How John the Baptist responded to his disciples in John 3:27 is the same way we should respond to those moments in life when what is happening around us seems to be a painful misconstruing of the way things should really be. We must recognize with John that God’s purpose and plan is intrinsically and inseparably woven into everything that has and will happen to us. And in that recognition, my friend, there is great comfort and great hope. Because we know who our God is. We know his promise that to those who believe in him, all things work together for good (Romans 8:28).

As I pondered John 3:27 last week I was reminded of Job. Job was a righteous man, who went through trials and tribulations far worse than anything my family has experienced or is experiencing. After many, many long days of darkness, Job was at last answered by God’s own voice– and was humbled and rebuked for how he had questioned and tested God in his time of trial.

God asks Job: 

Will you even put me in the wrong?

Will you condemn me that you may be in the right?

Have you an arm like God,

and can you thunder with a voice like his?

Job 40:8b-9

Friend, I am saying all this not to minimize the hardships you are going through– or to say that it is an easy thing to trust God and be content. I know how hard it is– not just from my family’s current difficulties but from the hardships I have experienced throughout my lifetime (as short as that lifetime has been). It is a hard thing to trust God and to humbly proclaim his ways are best in any circumstance, no doubt! But it is especially so in intense suffering. And it is a much, much easier thing to fall into the darkness of discontentment and complaining. But nevertheless, my friend, we must fight to trust.

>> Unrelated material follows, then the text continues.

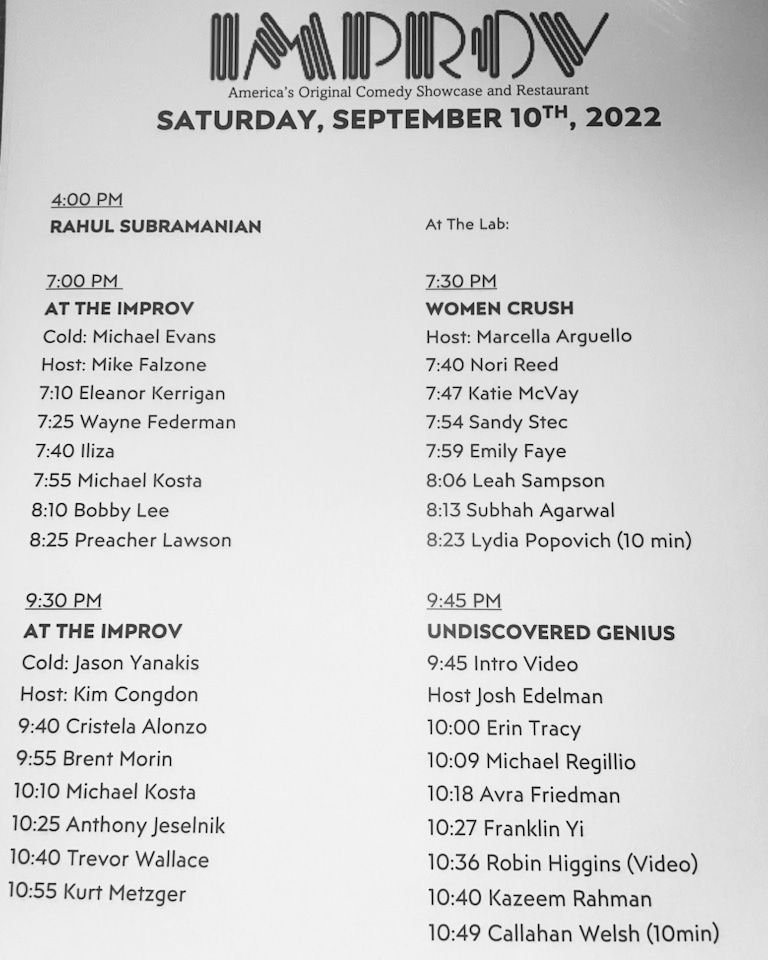 Set times tonight! All 3 Main Room shows & Women Crush are SOLD OUT! There are 14 tickets left for Undiscovered Genius 1 Year Anniversary Show, get yours at hollywoodimprov.com #hollywoodimprov #comedy #saturdaynight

We must fight for light in darkness and joy in gloom. We must fight against our sinful arrogance, and confess before our Father that his ways are best– because they are. 

Let us say with Job: “I know that you can do all things, and that no purpose of yours can be thwarted. Who is this that hides counsel without knowledge? Therefore I have uttered what I did not understand, things too wonderful for me, which I did not know… Therefore I despise myself, and repent…” (Job 42:2-3, 6)

God is good. He is. And he does not only know what is good for his people, he knows what is best. Even when we do not understand. 

Will we put God in the wrong? 

Will we condemn him that we may be right? 

Do we have an arm like God? 

Can we thunder with a voice like his?